§ PROBLEM
How many lines below hold the string "with"? Report that number alone.

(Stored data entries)
=-=-=
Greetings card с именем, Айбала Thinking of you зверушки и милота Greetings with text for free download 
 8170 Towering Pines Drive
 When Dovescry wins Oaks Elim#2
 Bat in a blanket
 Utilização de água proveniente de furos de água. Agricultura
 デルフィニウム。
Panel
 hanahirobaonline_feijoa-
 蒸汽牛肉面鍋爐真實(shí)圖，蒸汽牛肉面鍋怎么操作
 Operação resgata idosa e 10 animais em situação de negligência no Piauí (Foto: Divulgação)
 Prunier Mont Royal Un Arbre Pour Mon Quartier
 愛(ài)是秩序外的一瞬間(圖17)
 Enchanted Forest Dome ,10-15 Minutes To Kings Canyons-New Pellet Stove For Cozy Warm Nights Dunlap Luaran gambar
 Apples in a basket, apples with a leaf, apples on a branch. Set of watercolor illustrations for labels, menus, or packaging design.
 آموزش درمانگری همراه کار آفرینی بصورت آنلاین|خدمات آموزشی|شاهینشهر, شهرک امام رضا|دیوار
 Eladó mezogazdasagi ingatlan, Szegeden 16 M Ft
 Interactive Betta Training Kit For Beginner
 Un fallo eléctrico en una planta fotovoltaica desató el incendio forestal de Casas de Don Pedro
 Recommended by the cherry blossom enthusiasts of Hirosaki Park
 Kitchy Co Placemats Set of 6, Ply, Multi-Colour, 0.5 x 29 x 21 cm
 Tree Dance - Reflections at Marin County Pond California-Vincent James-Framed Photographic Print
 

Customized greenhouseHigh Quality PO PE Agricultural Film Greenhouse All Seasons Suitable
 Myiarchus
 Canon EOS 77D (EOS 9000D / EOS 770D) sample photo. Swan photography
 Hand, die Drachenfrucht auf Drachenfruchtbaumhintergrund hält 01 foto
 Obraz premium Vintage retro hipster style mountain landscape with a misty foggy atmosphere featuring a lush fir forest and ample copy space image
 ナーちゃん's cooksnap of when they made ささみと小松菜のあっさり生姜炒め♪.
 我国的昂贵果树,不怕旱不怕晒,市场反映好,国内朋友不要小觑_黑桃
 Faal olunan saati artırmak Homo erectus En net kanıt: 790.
=-=-=
§ ANSWER
3